Hoje o livro é menos conhecido do que seu protagonista, uma vez que o cinema se apropriou tão apaixonada e completamente do personagem.

Em uma série de filmes feitos a partir de 1931, Boris Karloff encarnou uma versão da criatura que se tornou uma imagem indelével da cultura pop, presente mesmo após centenas de outras versões, como a de Robert De Niro no Frankenstein de Mary Shelley dirigido por Kenneth Branagh em 1994, ou a de Peter Boyle na comédia de Mel Brooks “O Jovem Frankenstein” (1974).

Apenas nos últimos 15 anos, Frankenstein também apareceu com os rostos de Shuler Hensley no sofrível “Van Helsing” (2004) e de Aaron Eckhart no ainda pior “Frankenstein: Entre Anjos e Demônios” (2014), entre vários outros exemplos - com uma ressalva para a interpretação digna do inglês Rory Kinnear na série Penny Dreadful. 

Curiosamente, apesar de ser uma espécie de marco da ficção científica, Frankenstein hoje é mesmo uma obra de horror, talvez porque a ciência propriamente dita que animava sua trama (o monstro ganha vida por meio da eletricidade) já ficou para trás.

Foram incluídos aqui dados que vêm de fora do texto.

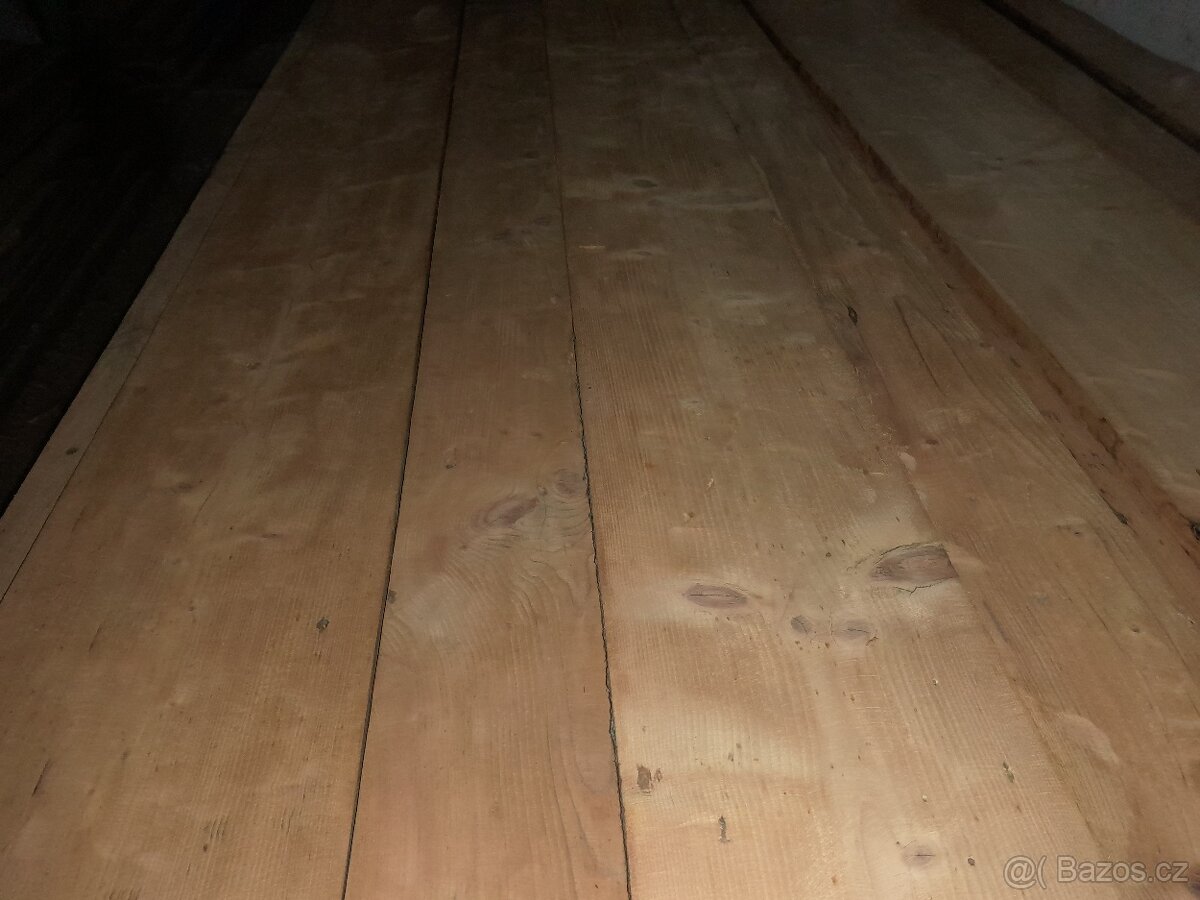 Prodám stará podlahová prkna.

O dilema ético dos limites do conhecimento está presente até hoje. Em plena vigência do otimismo do Século das Luzes, no qual se via a racionalidade e a ciência como as ferramentas da libertação inevitável do homem de seus preconceitos e das garras da ignorância, Frankenstein é um conto moral que adverte, em tom de horror, que a ciência pode ser também uma forma de ignorância.